Newsweek Technology Editor Dan Lyons makes some great points this morning regarding Google acquiring Motorola Mobility for $12.5 billion. First he talks about TechCrunch MG Siegler’s remarks that Google made themselves “look like huge asses in retrospect”. Lyons pretty much says Siegler’s opinions were just foolish. Lyons also makes an interesting point that Google most likely didn’t actually want the Nortel patents, they were just driving up the price for Apple and Microsoft with their PI (3.14 billion) bid.

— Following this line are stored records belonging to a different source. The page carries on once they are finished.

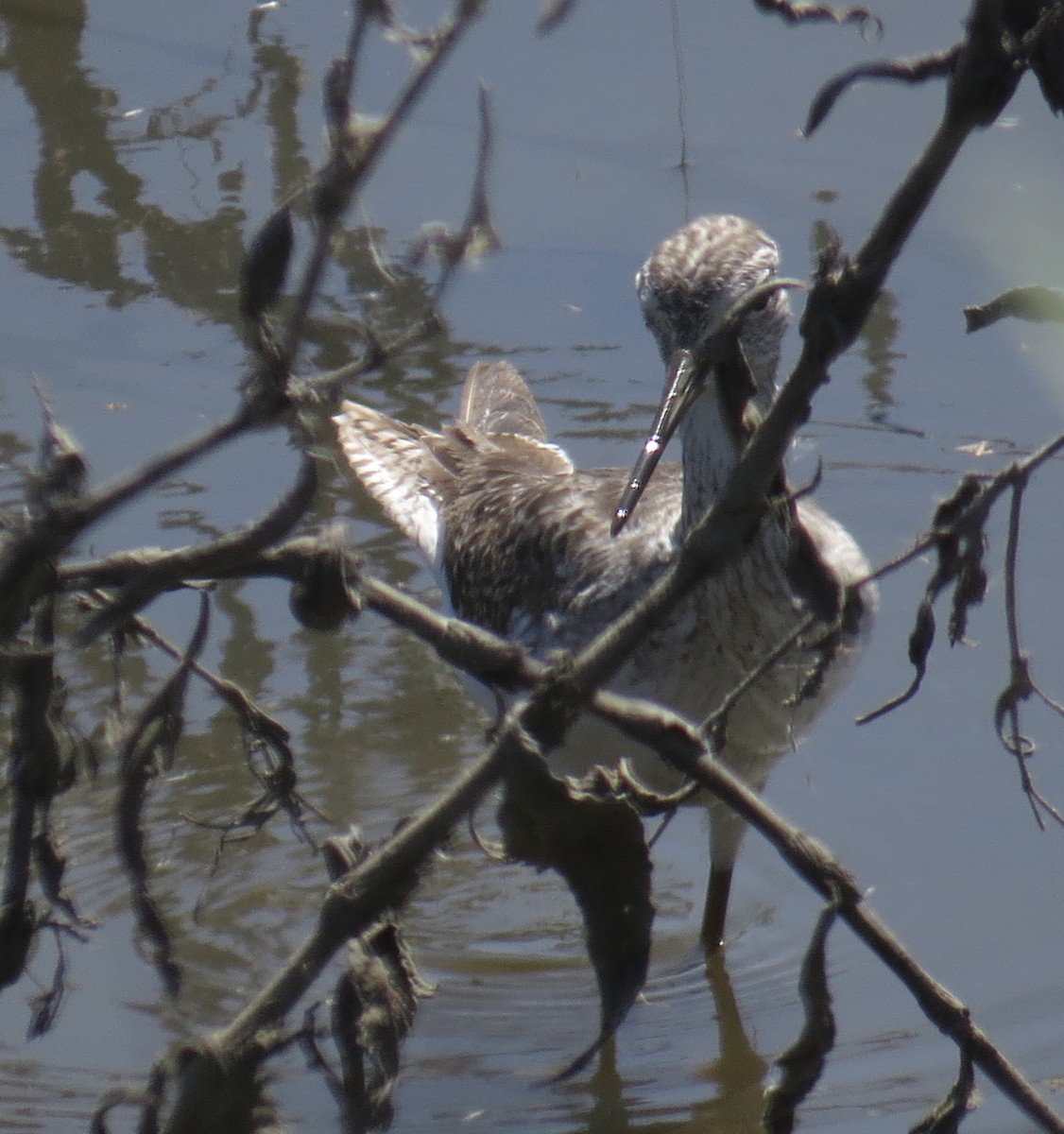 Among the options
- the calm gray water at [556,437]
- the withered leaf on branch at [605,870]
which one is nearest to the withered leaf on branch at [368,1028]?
the withered leaf on branch at [605,870]

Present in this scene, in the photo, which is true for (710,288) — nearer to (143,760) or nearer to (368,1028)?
(143,760)

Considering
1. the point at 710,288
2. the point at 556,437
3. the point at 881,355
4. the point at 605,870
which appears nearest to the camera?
the point at 605,870

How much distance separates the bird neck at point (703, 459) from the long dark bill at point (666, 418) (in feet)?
0.55

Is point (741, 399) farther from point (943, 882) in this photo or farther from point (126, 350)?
point (126, 350)

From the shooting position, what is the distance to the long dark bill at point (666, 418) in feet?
12.6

And today it all makes sense. Google just sandbagged its rivals. The whole thing was a rope-a-dope maneuver. Google never cared about the Nortel patents. It just wanted to drive up the price so that AppleSoft (those happy new bedmates) would overpay. Today, with the Motorola deal, Google picks up nearly three times as many patents as AppleSoft got from Novell and Nortel. More important, Google just raised the stakes in a huge way for anyone who wants to stay in the smartphone market.

In the end of things, Google is earning 3 times the patents than they would have in the Nortel deal, but for three times the price. One last word from Lyons:

As for those crazy bids in the Nortel auction — that was just a way to leave a little “fuck you” in the paperwork for Google’s pals in Redmond and Cupertino to look back upon. That move is pure Larry Page. This is a smart, hyper-competitive guy with a mean streak and a nasty sense of humor.